[MATERIALS PROVIDED Boundary: Start]

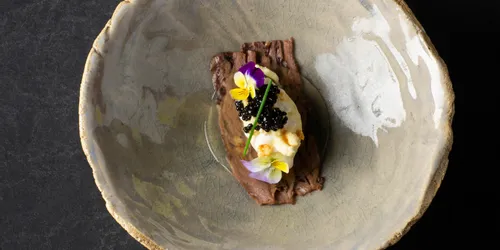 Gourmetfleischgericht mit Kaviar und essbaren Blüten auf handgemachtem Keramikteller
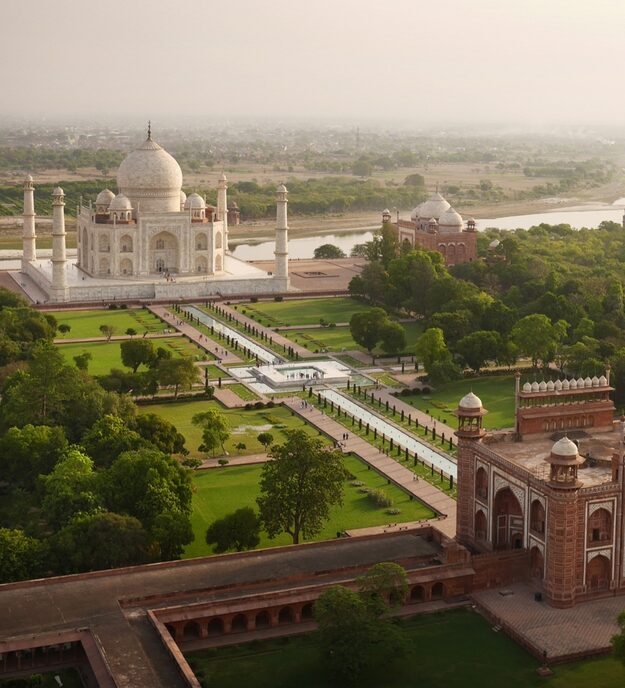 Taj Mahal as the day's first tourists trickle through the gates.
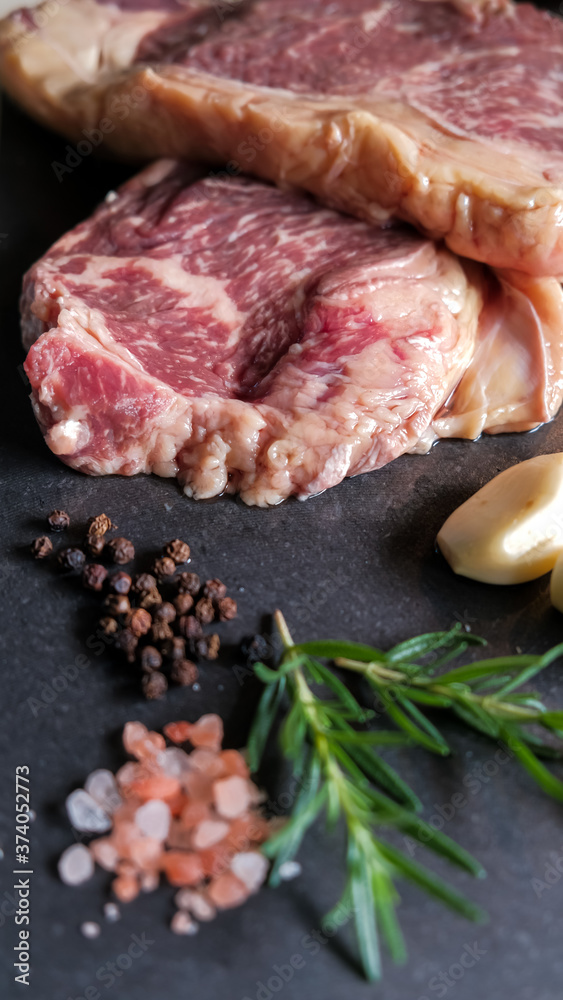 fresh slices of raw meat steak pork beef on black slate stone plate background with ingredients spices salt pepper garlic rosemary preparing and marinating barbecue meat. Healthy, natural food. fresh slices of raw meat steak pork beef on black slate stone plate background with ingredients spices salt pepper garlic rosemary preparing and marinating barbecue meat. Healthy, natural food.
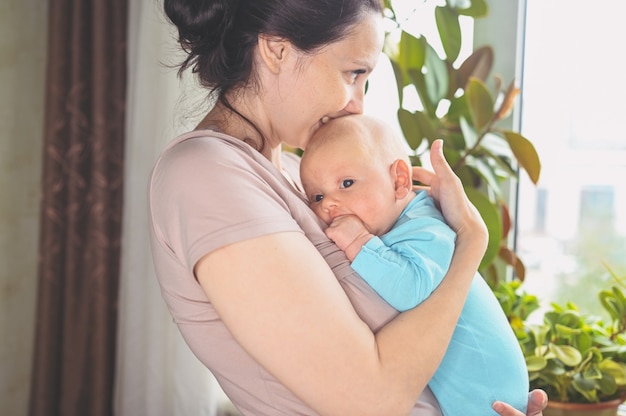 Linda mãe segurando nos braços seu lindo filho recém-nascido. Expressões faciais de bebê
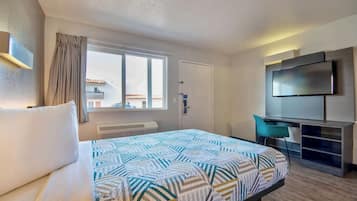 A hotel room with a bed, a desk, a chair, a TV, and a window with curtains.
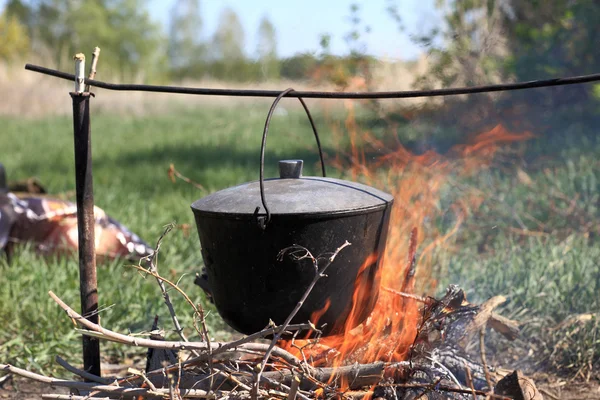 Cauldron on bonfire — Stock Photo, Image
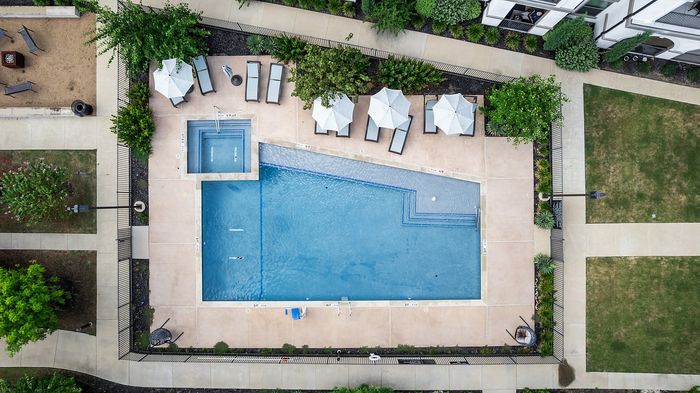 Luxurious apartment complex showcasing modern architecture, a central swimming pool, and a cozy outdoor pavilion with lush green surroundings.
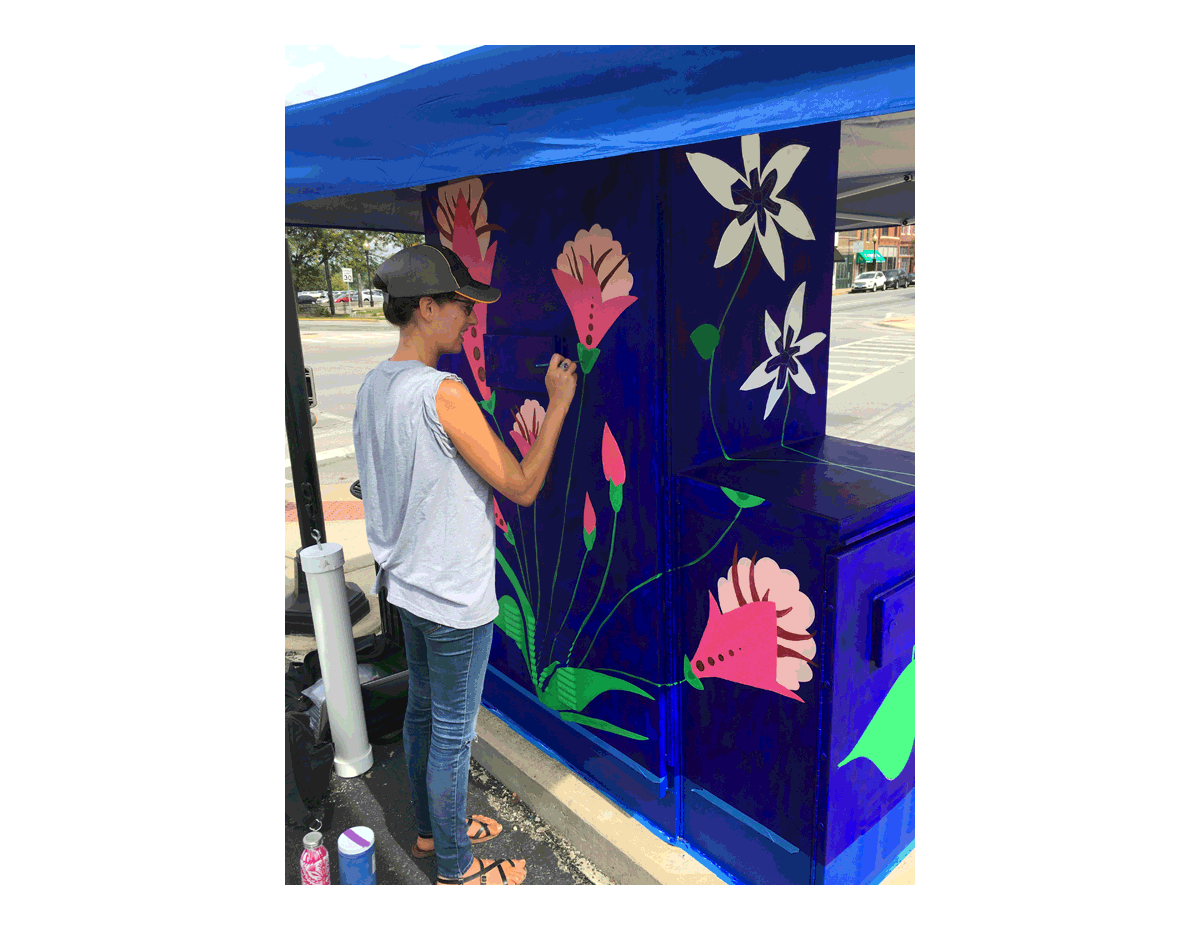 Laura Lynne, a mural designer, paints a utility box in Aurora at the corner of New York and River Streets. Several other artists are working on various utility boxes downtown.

[MATERIALS PROVIDED Boundary: End]
[MATERIALS PROVIDED Boundary: Start]

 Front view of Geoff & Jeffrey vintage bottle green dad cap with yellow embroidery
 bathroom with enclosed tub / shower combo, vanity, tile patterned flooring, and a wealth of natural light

[MATERIALS PROVIDED Boundary: End]

### [WORK REQUIRED]
Reproduce the listing above exactly from the line containing "Luxurious apartment complex" up to and including the line containing "Laura Lynne, a", omitting any images and everything outside those lines.

### [EXPECTED OUTPUT]
 Luxurious apartment complex showcasing modern architecture, a central swimming pool, and a cozy outdoor pavilion with lush green surroundings.
 Laura Lynne, a mural designer, paints a utility box in Aurora at the corner of New York and River Streets. Several other artists are working on various utility boxes downtown.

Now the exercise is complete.